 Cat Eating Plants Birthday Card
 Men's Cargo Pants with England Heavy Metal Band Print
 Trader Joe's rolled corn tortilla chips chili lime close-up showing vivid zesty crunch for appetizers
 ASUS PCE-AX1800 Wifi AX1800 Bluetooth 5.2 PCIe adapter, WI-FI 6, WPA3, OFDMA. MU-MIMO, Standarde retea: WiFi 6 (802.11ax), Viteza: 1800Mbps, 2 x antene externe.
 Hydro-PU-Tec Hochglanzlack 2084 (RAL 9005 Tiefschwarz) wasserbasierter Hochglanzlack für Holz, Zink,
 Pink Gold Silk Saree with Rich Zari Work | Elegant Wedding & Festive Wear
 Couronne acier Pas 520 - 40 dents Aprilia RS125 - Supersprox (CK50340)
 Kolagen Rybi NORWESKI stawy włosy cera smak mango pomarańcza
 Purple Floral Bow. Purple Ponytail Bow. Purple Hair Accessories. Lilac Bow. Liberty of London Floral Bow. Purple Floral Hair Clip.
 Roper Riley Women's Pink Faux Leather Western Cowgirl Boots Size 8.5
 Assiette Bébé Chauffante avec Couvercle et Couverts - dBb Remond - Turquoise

--

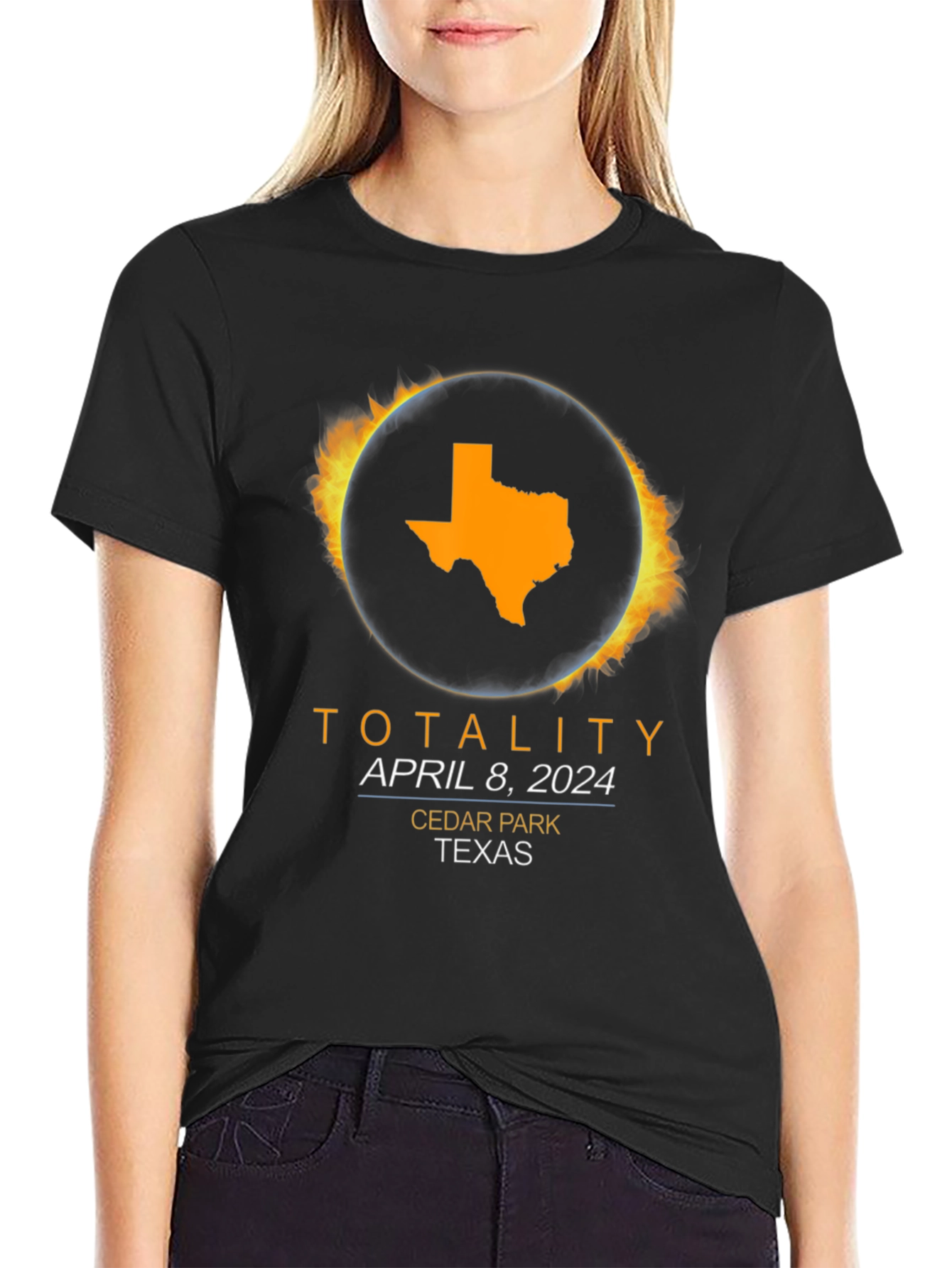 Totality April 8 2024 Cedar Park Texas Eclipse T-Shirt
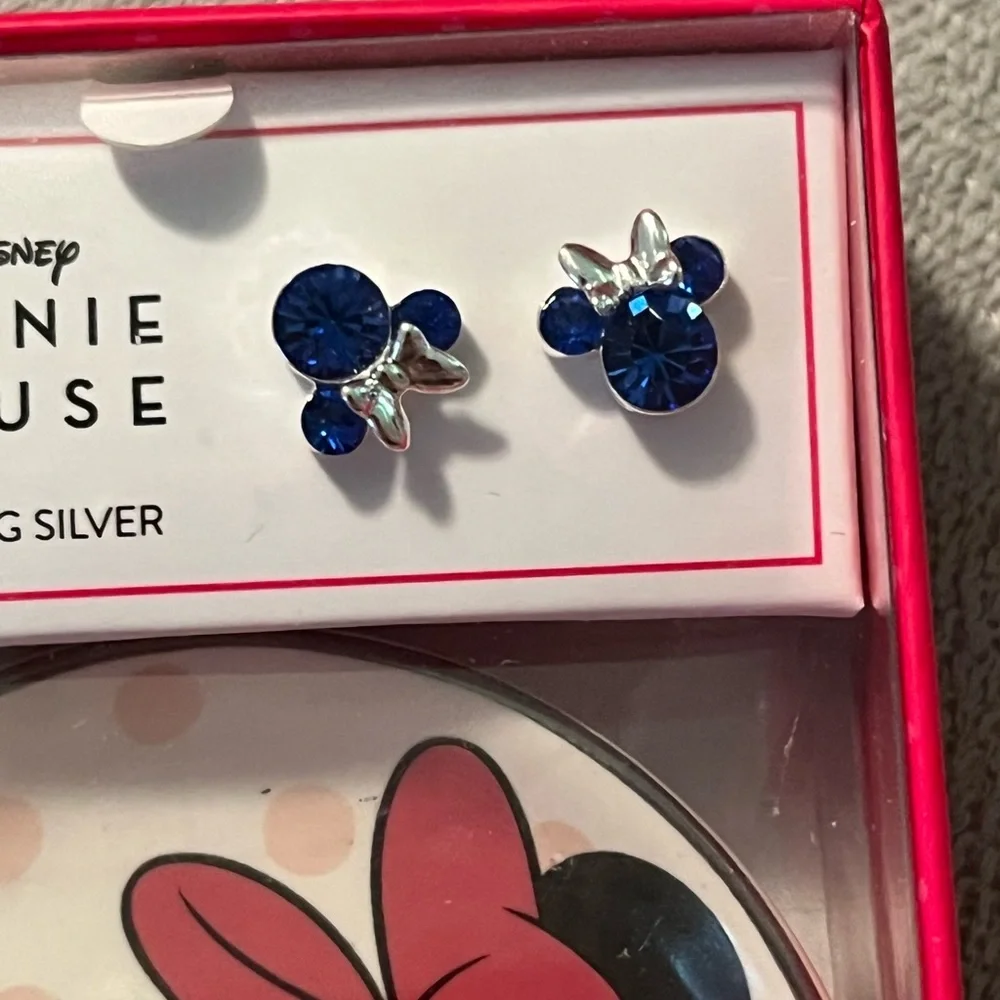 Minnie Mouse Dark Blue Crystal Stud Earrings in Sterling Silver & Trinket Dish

--

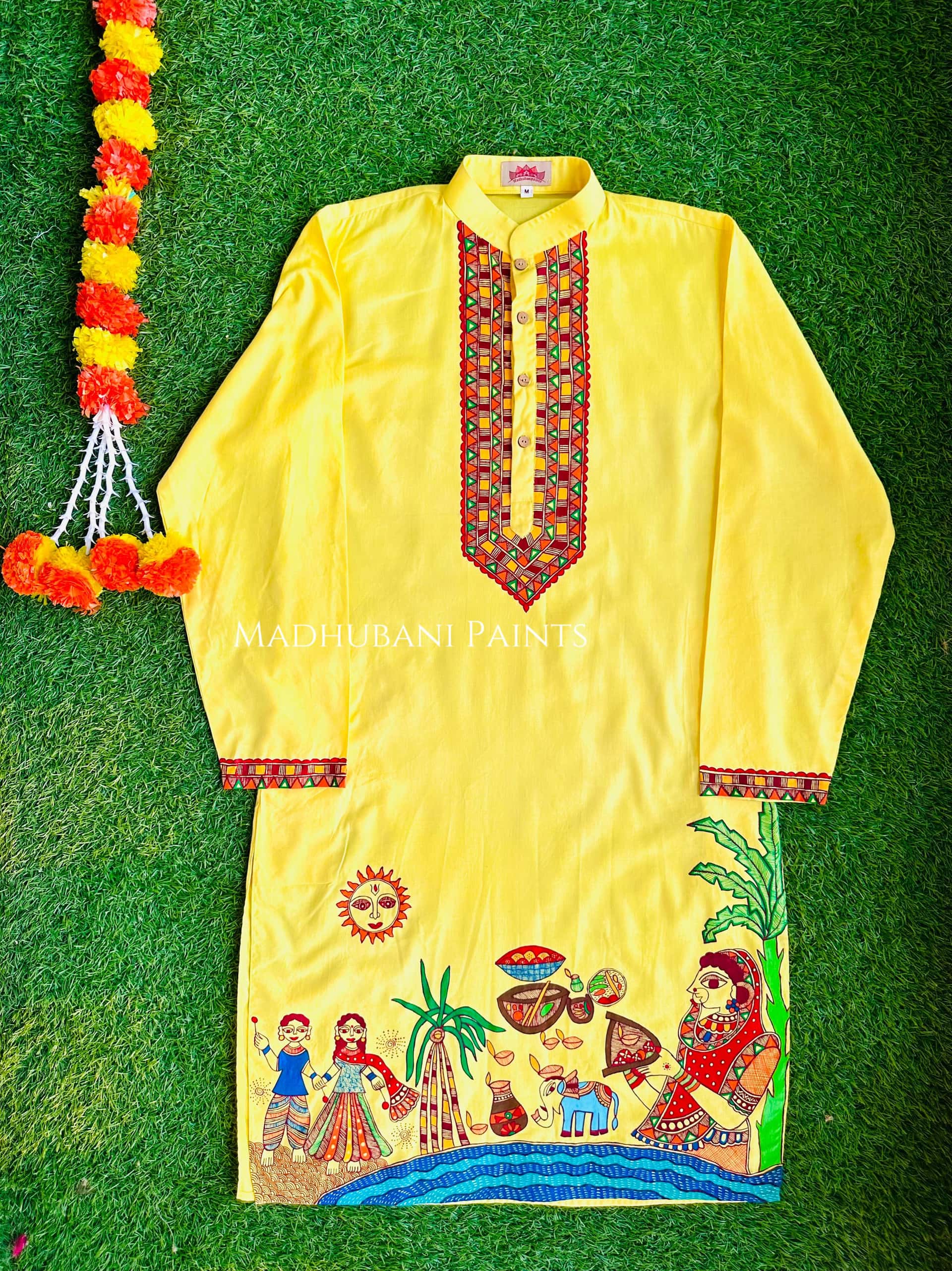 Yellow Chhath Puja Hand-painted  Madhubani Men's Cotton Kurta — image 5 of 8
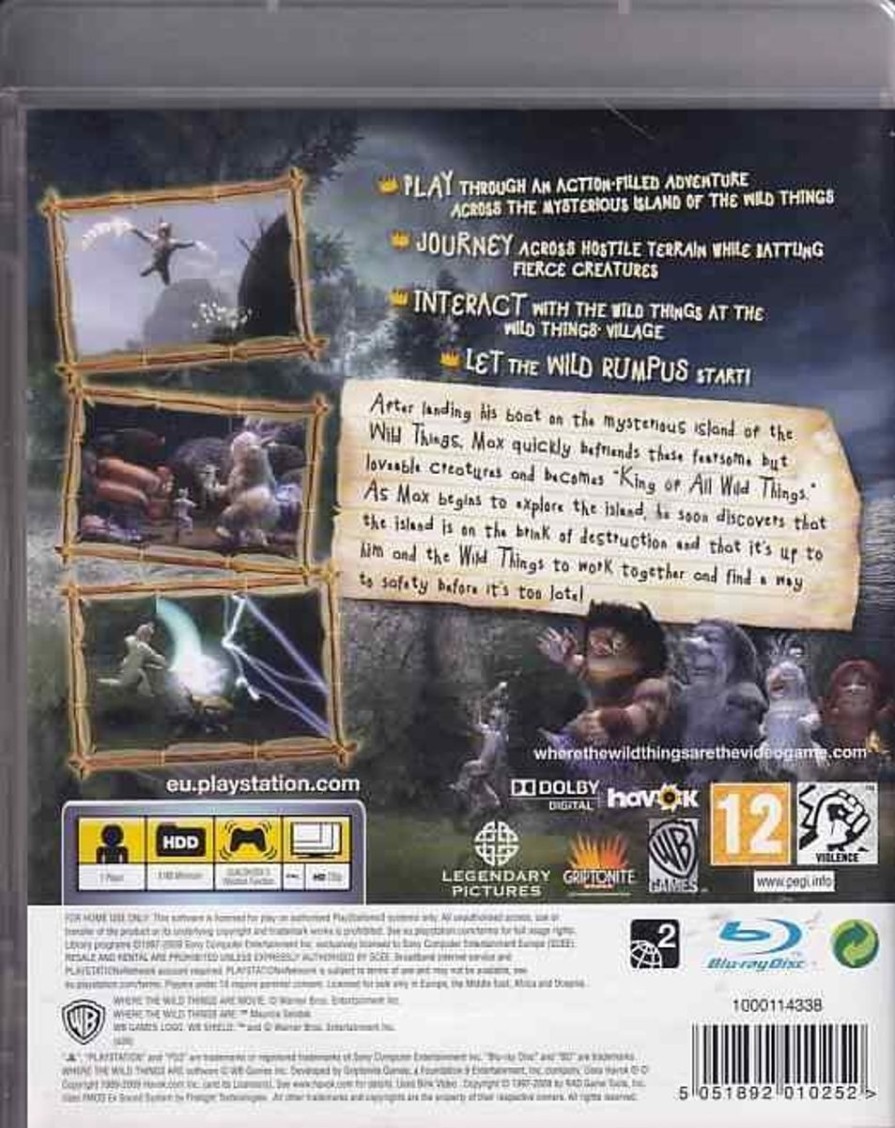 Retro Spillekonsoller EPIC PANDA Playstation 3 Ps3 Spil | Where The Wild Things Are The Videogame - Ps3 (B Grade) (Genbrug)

Work instructions:
Among the entries above, the lines between the ones containing "Purple Floral Bow." and "Assiette Bébé Chauffante", inclusive, are to be transcribed exactly. No other line is to be given.

Exercise solution:
 Purple Floral Bow. Purple Ponytail Bow. Purple Hair Accessories. Lilac Bow. Liberty of London Floral Bow. Purple Floral Hair Clip.
 Roper Riley Women's Pink Faux Leather Western Cowgirl Boots Size 8.5
 Assiette Bébé Chauffante avec Couvercle et Couverts - dBb Remond - Turquoise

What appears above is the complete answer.